News: Jagd durch die Petrischale
Ihre eigene Version dieses unaufhörlichen Prozesses spielen drei Populationen des Darmbakteriums Escherichia coli miteinander. Das ungewöhnliche Treiben der Winzlinge entdeckten Wissenschaftler der Universitäten Stanford und Yale, als sie der Frage nachgingen, warum die in der Natur friedlich nebeneinander lebenden Bakterienpopulationen es in der Enge einer Petrischale nicht miteinander aushalten. "Wenn man alle drei im Labor in eine Flasche gibt, dann ist sehr schnell nur noch ein Typ übrig", beschreibt Brendan Bohannan von der Stanford University das kriegerische Verhalten.
Da die Mikrobiologen alleine keine Antwort auf die Frage fanden, fragten sie bei Ökologen und theoretischen Biologen nach Rat. Gemeinsam studierten die Forscher dann das nachbarschaftliche Verhältnis des Bakterientrios, das sich jeweils in einer Eigenschaft voneinander unterschied. Der erste Stamm trug – zusätzlich zum Bakteriengenom – ein ringförmiges genetisches Element, auf dem eine Blaupause zur Produktion eines tödlichen Antibiotikums lagerte. Um sich nicht selbst zu schaden, trug es außerdem ein Immunprotein auf dem Ringelement.
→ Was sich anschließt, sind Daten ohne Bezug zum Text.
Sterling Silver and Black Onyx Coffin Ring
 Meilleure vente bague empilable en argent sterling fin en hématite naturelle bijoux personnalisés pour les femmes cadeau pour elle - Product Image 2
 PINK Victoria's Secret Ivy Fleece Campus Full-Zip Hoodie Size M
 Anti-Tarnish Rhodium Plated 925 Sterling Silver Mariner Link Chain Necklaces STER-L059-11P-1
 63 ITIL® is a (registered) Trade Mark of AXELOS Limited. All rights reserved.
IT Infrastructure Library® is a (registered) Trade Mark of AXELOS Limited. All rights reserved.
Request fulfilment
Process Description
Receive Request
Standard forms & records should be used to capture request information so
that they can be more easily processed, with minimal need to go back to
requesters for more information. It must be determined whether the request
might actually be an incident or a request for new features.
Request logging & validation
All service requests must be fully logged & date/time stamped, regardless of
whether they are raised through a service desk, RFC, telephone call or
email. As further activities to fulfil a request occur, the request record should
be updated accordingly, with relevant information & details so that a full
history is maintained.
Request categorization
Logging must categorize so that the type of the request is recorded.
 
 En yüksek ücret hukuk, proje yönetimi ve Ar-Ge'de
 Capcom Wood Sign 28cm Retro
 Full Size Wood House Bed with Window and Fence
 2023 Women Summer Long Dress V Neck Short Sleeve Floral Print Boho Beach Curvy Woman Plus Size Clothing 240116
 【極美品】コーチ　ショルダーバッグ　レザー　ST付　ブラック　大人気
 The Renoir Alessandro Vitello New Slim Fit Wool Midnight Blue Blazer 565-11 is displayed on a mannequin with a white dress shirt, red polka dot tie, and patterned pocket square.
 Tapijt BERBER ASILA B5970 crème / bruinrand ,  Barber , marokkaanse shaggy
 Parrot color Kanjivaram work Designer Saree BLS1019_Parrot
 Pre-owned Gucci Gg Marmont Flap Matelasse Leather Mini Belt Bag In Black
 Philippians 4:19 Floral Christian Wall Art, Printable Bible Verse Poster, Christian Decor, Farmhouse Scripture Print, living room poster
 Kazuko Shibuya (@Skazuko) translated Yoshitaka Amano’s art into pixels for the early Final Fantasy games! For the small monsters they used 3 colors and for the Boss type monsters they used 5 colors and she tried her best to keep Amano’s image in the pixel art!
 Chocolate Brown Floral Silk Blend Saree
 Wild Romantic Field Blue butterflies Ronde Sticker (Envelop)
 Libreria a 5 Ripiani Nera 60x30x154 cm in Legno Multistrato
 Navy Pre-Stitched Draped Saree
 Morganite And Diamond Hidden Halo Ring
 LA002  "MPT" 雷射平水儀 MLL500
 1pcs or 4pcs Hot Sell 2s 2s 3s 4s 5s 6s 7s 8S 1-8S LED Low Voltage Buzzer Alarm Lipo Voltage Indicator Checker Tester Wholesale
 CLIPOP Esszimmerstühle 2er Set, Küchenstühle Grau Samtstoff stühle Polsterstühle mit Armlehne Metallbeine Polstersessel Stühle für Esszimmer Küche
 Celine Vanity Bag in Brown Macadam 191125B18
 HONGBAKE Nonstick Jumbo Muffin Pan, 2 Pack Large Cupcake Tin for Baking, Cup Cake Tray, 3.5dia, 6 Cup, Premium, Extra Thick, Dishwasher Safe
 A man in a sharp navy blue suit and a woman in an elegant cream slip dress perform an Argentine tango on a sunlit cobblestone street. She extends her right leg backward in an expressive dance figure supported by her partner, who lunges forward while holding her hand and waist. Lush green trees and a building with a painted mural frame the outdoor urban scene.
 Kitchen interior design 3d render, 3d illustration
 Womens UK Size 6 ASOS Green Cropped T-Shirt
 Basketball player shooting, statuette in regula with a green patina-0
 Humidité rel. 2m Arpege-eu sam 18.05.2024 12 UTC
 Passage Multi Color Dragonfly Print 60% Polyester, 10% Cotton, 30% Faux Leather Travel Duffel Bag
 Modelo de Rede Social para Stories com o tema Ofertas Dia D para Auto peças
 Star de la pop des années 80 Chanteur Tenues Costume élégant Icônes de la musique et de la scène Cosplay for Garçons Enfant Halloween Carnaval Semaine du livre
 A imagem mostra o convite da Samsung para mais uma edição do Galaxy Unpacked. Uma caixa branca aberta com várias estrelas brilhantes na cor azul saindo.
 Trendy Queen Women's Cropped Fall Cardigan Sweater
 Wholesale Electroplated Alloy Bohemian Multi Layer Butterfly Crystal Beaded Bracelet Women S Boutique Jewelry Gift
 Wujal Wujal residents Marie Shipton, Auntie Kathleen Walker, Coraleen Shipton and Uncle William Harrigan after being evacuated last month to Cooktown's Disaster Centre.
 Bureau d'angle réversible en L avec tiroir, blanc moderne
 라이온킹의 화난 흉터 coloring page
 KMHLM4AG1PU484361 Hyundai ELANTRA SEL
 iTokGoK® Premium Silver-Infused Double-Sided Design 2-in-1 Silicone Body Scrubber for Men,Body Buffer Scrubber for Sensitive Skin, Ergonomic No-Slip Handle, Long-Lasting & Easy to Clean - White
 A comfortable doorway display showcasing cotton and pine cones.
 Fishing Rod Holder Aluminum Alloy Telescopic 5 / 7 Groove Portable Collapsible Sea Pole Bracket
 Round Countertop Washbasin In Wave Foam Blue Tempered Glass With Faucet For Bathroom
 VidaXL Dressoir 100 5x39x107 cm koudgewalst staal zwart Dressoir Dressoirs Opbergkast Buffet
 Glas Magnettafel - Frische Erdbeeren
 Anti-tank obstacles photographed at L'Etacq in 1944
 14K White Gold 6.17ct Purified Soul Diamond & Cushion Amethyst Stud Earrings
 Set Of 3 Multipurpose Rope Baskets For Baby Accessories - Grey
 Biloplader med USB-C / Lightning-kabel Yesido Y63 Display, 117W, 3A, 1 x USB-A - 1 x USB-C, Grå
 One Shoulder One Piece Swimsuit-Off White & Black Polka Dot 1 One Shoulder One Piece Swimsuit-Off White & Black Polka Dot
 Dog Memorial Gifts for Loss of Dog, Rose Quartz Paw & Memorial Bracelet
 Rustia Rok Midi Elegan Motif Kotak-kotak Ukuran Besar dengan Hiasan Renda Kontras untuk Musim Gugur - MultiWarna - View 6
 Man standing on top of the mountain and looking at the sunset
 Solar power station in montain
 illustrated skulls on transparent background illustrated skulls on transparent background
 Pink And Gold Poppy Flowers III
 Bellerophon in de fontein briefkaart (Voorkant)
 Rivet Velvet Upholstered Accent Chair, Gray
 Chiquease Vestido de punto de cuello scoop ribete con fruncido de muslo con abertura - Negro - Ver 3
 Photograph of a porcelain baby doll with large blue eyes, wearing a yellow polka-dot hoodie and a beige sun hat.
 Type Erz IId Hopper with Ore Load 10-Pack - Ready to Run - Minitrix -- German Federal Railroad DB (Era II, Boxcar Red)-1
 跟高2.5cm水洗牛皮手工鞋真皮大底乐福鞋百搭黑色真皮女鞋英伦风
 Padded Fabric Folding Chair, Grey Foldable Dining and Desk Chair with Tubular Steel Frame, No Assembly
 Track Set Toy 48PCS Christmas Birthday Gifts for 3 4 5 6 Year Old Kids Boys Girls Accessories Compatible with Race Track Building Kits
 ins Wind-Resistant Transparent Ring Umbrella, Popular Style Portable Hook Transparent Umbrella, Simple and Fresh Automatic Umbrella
Fühlten sich die so ausgestatteten Bakterien unter Stress gesetzt, fackelten sie nicht lange, sondern überschütteten ihre Nachbarschaft massenhaft mit dem tödlichen Stoff. Dies wurde den umgebenden Bakterien, die noch kein Schutzschild gegen die Antibiotika-Waffe entwickelt hatten, zum Verhängnis. Durch ein spezielles Protein auf ihrer Zelloberfläche gelangte das Gift ins Zellinnere und die zweite Bakterienpopulation hatte das Nachsehen
Doch nicht alle Bakterien teilten dieses Schicksal. Gelegentlich traten in dem Transportprotein Mutationen auf, woraufhin kein Antibiotikum mehr in die Zelle gelangt. Allerdings konnte dieser dritte Bakterienstamm auch keine Nährstoff mehr aus der Umgebung aufnehmen, da deren Transport quer über die Zellmembran ebenfalls mit diesem mutierten Oberflächenprotein stattfindet.
Und so schließt sich der Kreis des Perpetuum mobiles. Die sensitiven Bakterien wachsen dank geregelter Nährstoffzufuhr schneller als die resistenten Winzlinge und ersetzen sie. Die resistenten Bakterien wiederum brauchen weniger Energie als ihre Artgenossen mit zusätzlichem genetischen Element. Und die Bakterienpopulation mit Antibiotikum nimmt wiederum die Stelle der sensitiven Mikroorganismen ein. So schnappt sich immer eine Art die nächste und verdrängt sie solange, bis sie selbst an der Reihe ist. Genauso wie der Stein die Schere zerstört, die Schere das Papier schneidet und das Papier den Stein bedeckt.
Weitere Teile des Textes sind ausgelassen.